(Data Opens)

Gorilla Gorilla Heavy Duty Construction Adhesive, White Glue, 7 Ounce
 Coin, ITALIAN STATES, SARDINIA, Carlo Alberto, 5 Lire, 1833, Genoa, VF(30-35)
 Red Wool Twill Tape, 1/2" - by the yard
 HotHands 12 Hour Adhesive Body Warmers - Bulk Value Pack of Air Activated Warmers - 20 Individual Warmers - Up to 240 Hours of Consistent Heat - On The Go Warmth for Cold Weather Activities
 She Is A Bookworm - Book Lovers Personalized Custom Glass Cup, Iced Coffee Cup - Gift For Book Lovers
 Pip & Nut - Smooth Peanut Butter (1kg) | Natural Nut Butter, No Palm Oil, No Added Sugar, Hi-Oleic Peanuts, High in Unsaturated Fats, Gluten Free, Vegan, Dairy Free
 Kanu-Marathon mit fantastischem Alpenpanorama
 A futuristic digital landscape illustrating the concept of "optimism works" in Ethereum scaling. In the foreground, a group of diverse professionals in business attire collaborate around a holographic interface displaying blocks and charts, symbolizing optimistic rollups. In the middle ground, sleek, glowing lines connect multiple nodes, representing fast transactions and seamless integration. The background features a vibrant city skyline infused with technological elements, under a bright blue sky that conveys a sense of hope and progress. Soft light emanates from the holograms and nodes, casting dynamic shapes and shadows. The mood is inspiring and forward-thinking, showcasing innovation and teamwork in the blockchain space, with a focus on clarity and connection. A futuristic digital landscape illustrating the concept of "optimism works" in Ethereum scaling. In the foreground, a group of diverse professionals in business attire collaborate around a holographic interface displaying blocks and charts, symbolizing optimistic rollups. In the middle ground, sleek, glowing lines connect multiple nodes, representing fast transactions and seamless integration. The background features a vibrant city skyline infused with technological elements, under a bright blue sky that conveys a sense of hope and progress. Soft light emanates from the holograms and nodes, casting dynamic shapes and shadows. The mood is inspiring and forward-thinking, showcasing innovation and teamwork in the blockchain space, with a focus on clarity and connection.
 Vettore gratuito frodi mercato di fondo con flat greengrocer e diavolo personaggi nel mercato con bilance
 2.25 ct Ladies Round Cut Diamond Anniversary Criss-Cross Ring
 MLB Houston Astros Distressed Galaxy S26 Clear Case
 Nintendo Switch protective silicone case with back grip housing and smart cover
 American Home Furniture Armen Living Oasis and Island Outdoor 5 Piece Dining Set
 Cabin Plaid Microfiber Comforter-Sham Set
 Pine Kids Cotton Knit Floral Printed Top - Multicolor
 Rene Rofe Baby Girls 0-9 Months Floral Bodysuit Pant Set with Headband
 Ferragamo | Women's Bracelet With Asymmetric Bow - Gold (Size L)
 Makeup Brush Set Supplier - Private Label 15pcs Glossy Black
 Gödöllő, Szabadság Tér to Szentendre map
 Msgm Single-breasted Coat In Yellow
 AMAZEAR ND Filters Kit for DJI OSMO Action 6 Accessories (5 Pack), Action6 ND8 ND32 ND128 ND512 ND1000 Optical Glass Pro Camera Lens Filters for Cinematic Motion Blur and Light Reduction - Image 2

(Data Closes)

■ Exercise brief ■
Among the entries above, find every line holding "Floral" and copy it.

■ Answer section ■
 Pine Kids Cotton Knit Floral Printed Top - Multicolor
 Rene Rofe Baby Girls 0-9 Months Floral Bodysuit Pant Set with Headband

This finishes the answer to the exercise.